Jetzt muss ich doch noch was loswerden.
Ich bin jetzt seit zwei Jahren mit meinem Partner (36) zusammen. Er hat eine schizoide Persönlichkeitsstörung, ist affektgestört und depressiv. Die Beziehung ist von Schwierigkeiten und Missverständnissen geprägt, da ich ebenfalls nicht ganz sauber bin. Aber wir kommen gut miteinander aus. Ich liebe ihn sehr. Wir wohnen zusammen, gehen beide z.Z. arbeiten. In unserer gemeinsamen Freizeit spielen wir Gesellschaftsspiele, PC, schauen viel Fernsehen (Serien, Filme) oder beschäftigen uns auch mit uns selbst. Mein Freund ist Programmierer, er programmiert auch privat sehr viel. Sonst surft er stundenlang im Internet, liest sich viele Artikel durch, liest Zeitung, Blogs, in Foren etc. Er schaut auch für sich Fernsehen oder spielt was. Das war es im Wesentlichen schon, was er so tut.
Ich lese viel und gern. Bin auch oft im Internet und habe auch ein paar Serien/Dokus, die ich mir ansehe. Dann habe ich ja noch einen kleinen Hund, mit dem ich draußen spazieren gehe. Und im Gegensatz zu meinem einsiedlerischen Freund bin ich ganz gern unter Leuten (aber nicht ständig, ich bin so ein Mensch- halb Couchpotatoe, ich bin gern zu Hause, halb auch unternehmungslustig, ich bin gern bei Freunden). Dann treffe ich mich also ab und an - vielleicht 1 - 3 Mal die Woche - mit Freunden, sehr oft einzeln, auch in Gruppen.
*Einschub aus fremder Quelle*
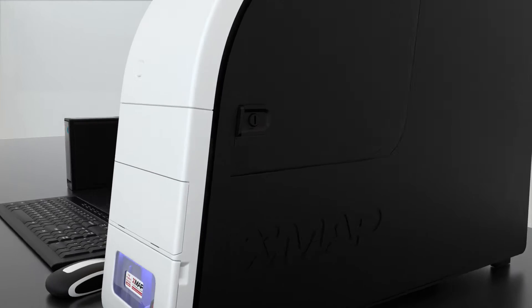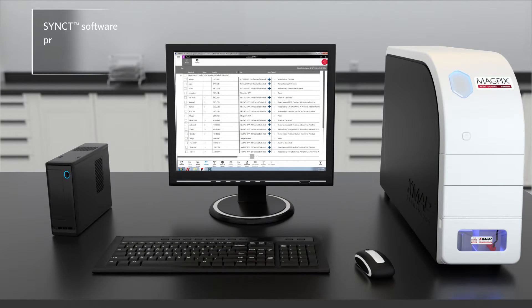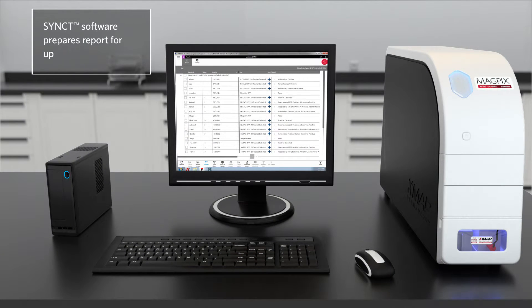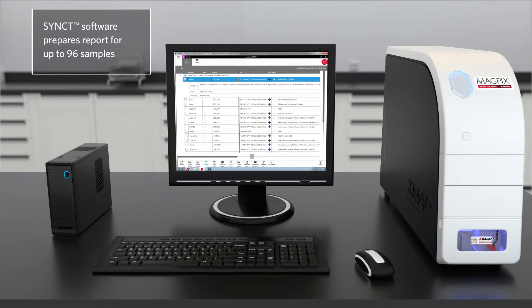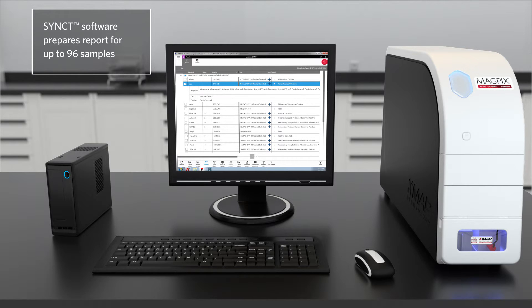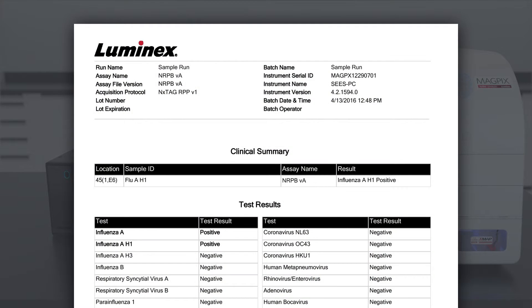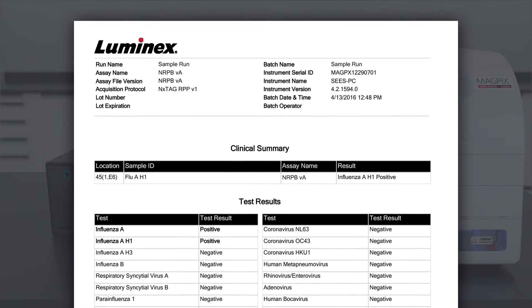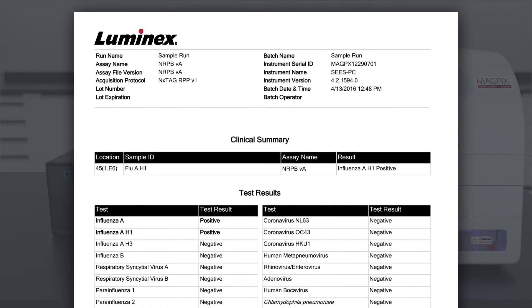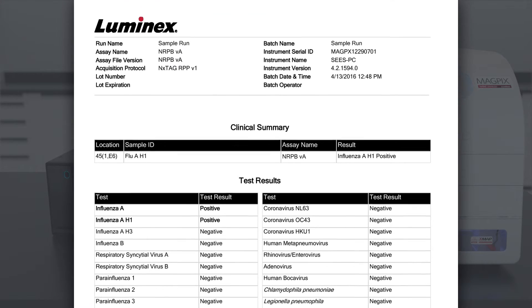At the end of the run, Luminex's synced software prepares the report for up to 96 samples, or can focus on a single result. The reported pathogens can also be customized to the physician's order.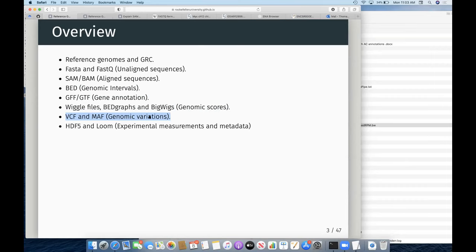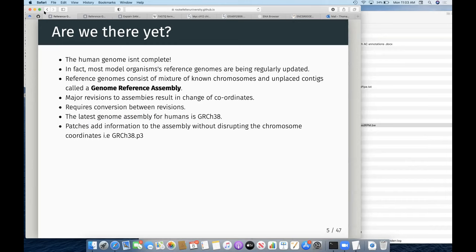Finally, fitting with what Connie was talking about with single cell, I'm going to talk about how we handle some of that data too. So first off, reference genomes — let me make this a little bit bigger.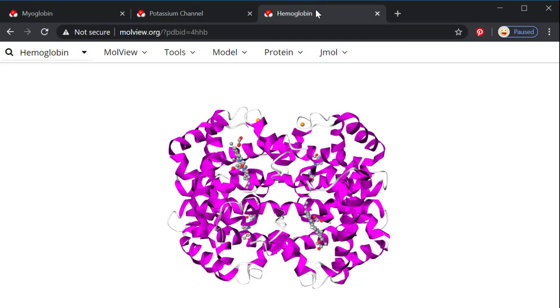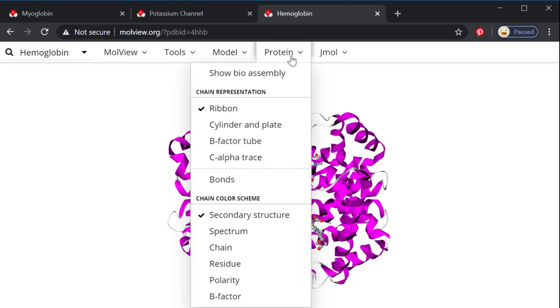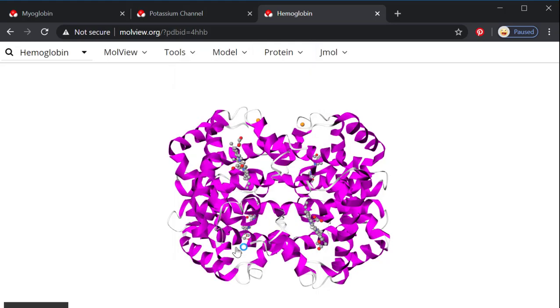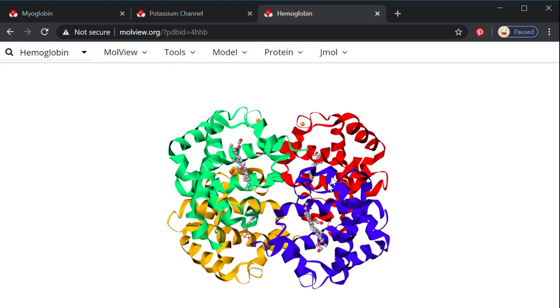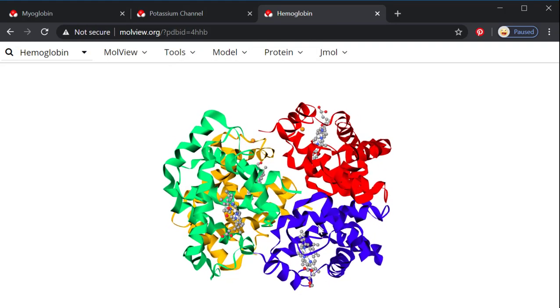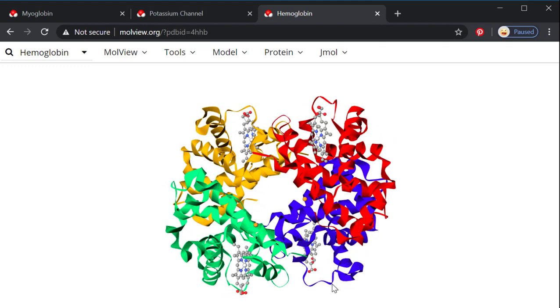Here's hemoglobin, which is related to myoglobin, but larger. You can see it's only got the alpha helices in it. And if I draw it with this chain, then I can see that there are not one, not two, but four total different polypeptides in the quaternary structure here.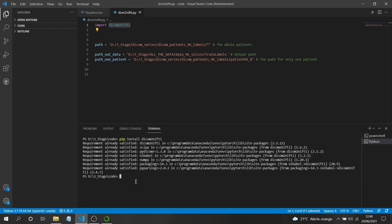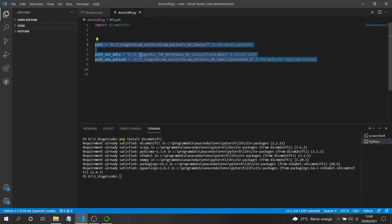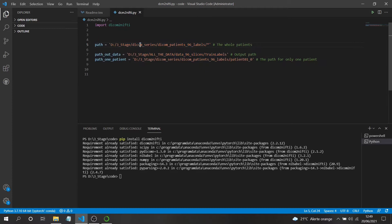After installation, we'll need only one line of code. I've imported three path variables: one for all patients, one for the output, and one for a single patient. We'll start with the single patient case and then move on to converting all patients.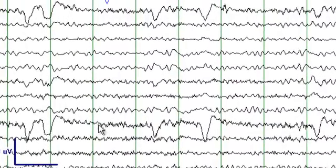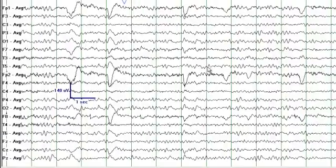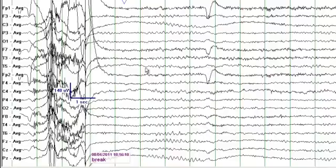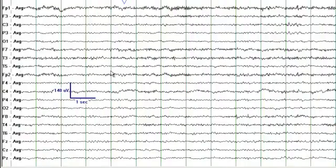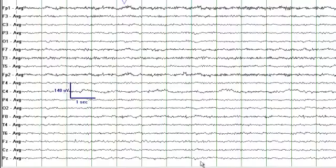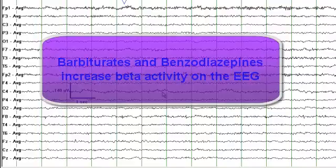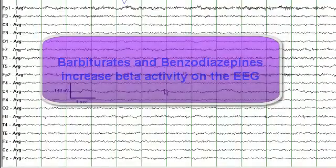You see more beta frequencies in the frontal head region, eye blinks, and a posterior dominant theta-to-alpha rhythm. There is also some electrode artifact. Patients taking barbiturates or benzodiazepines tend to display more beta frequencies on the EEG.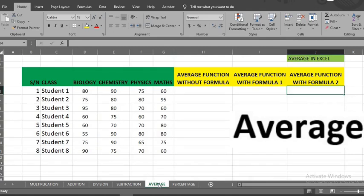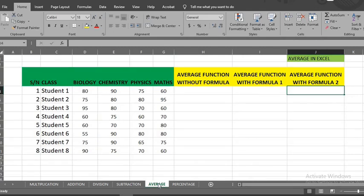Average. There are three methods of using average function in Excel. The first is average without formula. Here we have some students and their scores in some selected courses. I highlight the cells that I want to get the average.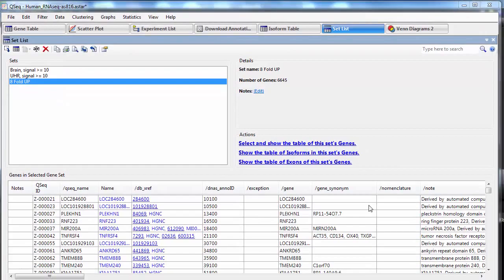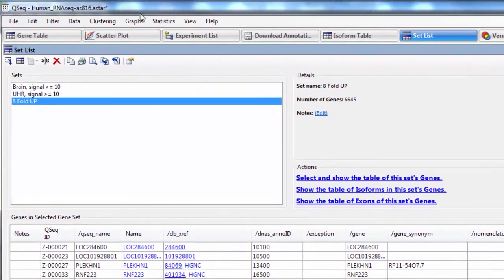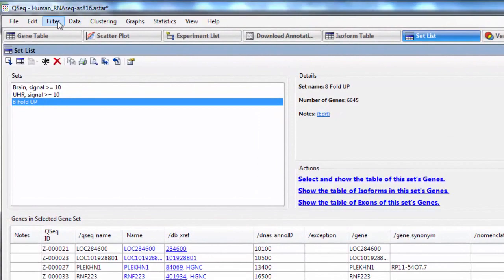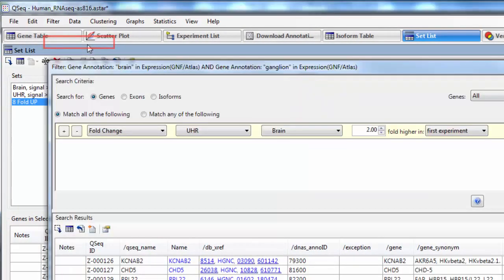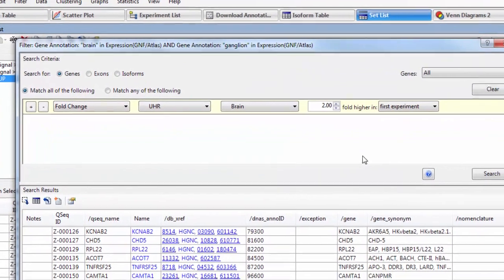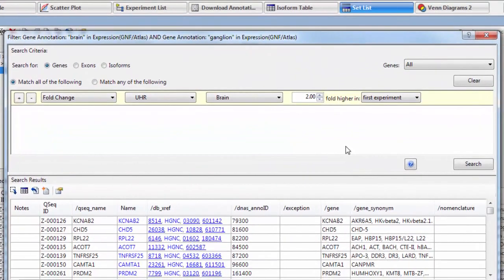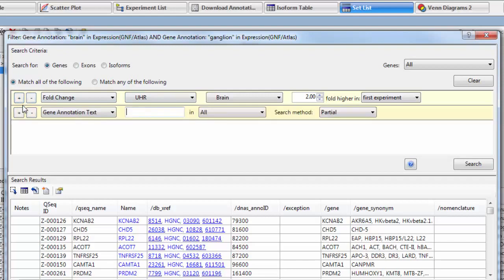I'm going to create one more gene set, this time using the advanced filtering dialog, and you can access that by going to Filter, Filter All. This dialog allows for a lot of complexity in your searches. You can add and remove different criteria by using these plus and minus buttons here.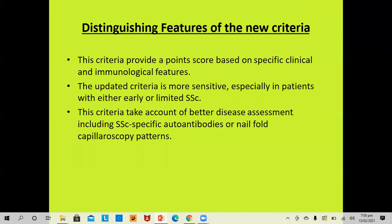The new criteria provides a point score based on specific clinical and immunological features and is more sensitive, especially in patients with early or limited systemic sclerosis when skin thickening proximal to the metacarpophalangeal joint is not very obvious, but other criteria are fulfilled. This criteria also takes into account better disease assessment including SSc-specific autoantibodies and nail fold capillaroscopic patterns.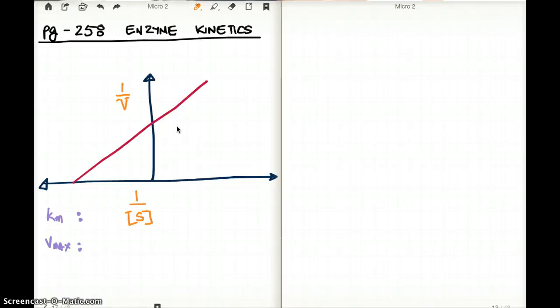This video talks about enzyme kinetics. This is from page 258, first edition, 2012. So if you want to follow along with me, please feel free to do so.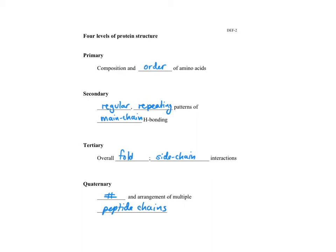We previously introduced the four levels of protein structure as primary, secondary, tertiary, and quaternary, and we're going to start off with primary, naturally.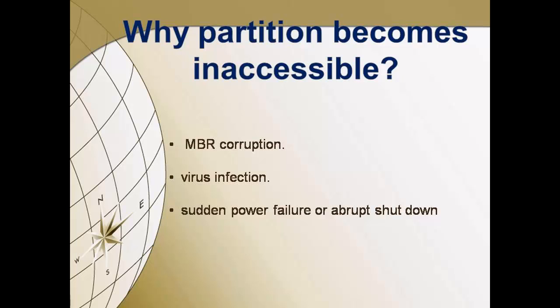MBR corruption may lead to an inaccessible partition. Virus infection is a common instance that corrupts partitions and makes them inaccessible. Sudden power failure or abrupt shutdown while working on the system can also make partitions inaccessible.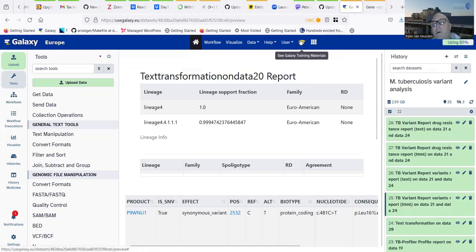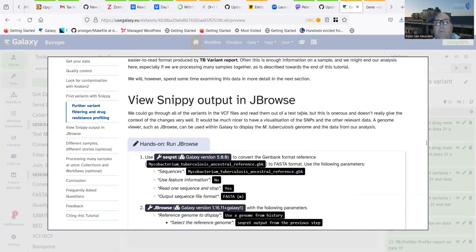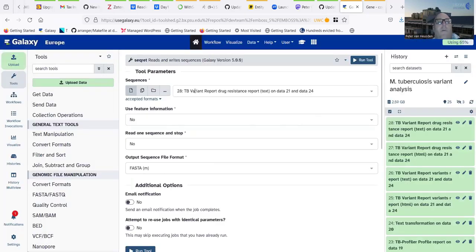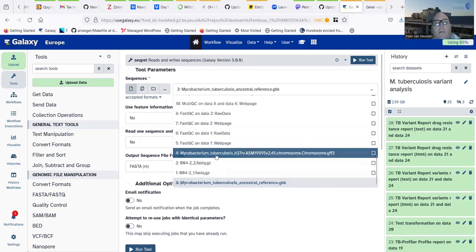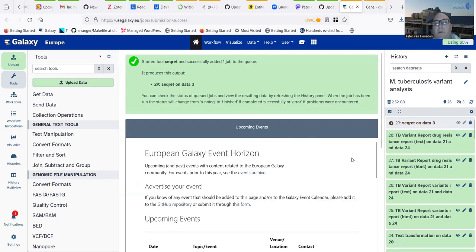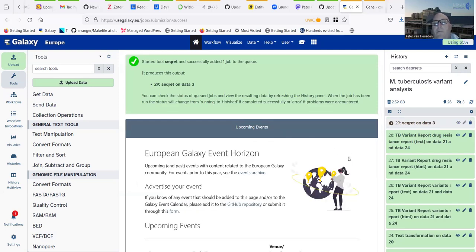Moving to the next and final parts of the main tutorial: we have all this information about variants and drug resistance, but what if we want to look at the reads and how they provide evidence for this in more detail? For that we use a genome browser called JBrowse. First we need a FASTA format version of the reference genome, so we use the tool Seqret for format conversion — accepting the GenBank file and converting it to FASTA.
Ich brauche etwas Abwechslung in meinem Leben.
Nun ist es so, ich liebe meinen Freund wirklich sehr.
Natürlich ist es aber manchmal schwierig, mit seiner Angst/Abneigung gegen soziale Verpflichtungen klarzukommen.
Wir beide sind nicht so viel draußen unterwegs. Meistens sind wir zu Hause, ab und zu spazieren, aber das hat er am Anfang auch öfter getan. Jetzt sagte ich ihm, wir müssen das mal wieder öfter machen. Er stimmte mir zu, macht das aber letztlich auch nur für mich, glaube ich.
Am liebsten wäre es meinem Freund, wenn er die Wohnung gar nicht mehr verlassen müsste. Er fühlt sich wohl und sicher dort. Er hat an nichts Spaß und Menschen sind ihm anstrengend, er fühlt sich unwohl, wenn er sozialen Kontakten nachgehen muss. Er kann keine Beziehungen aufbauen oder nur sehr schwer. Er hat mich und das beansprucht seine ganze "Kraft", er will mich auch (manchmal aber wohl auch eher nicht, das ist das Nähe und Distanz-Problem), ich reiche ihm. Beziehungen zu anderen Menschen kann er nur sehr schwer oder gar nicht herstellen. Er hat eine schlimme Kindheit gehabt. Sein Vater hat ihn umgebracht. Seine Mutter ihn (psychisch? physisch?) missbraucht. Er hat keinen Kontakt mehr zu seiner Familie. Früher hatte er mal Freunde. Die Freundschaften sind aber aufgrund neuer Lebensumstände und Umzug auseinandergegangen. Es besteht kein Kontakt mehr. Lediglich einen Kollegen hat er noch, der kam einmal vorbei. Wir haben einen Film zusammen geschaut.
Mein Freund hat mal eine Therapie gemacht, hat aber nicht geholfen. Er hat auch einige Medikamente ausprobiert, nichts hat geholfen. Jetzt will er keine Therapie mehr. Ich weiß nicht, ob und wie das mal wird. Ich will mir auch wieder einen Therapeuten suchen, weil ich ja auch einige Probleme habe. Und da schlug ich vor, dass wir ja auch mal gemeinsam dann dahin gehen könnten. Für ein, zwei Sitzungen. Er hat es nicht abgeblockt. Vielleicht wäre das ja auch mal eine Möglichkeit. Um unsere Kommunikation, unser gemeinsames Erleben zu verbessern.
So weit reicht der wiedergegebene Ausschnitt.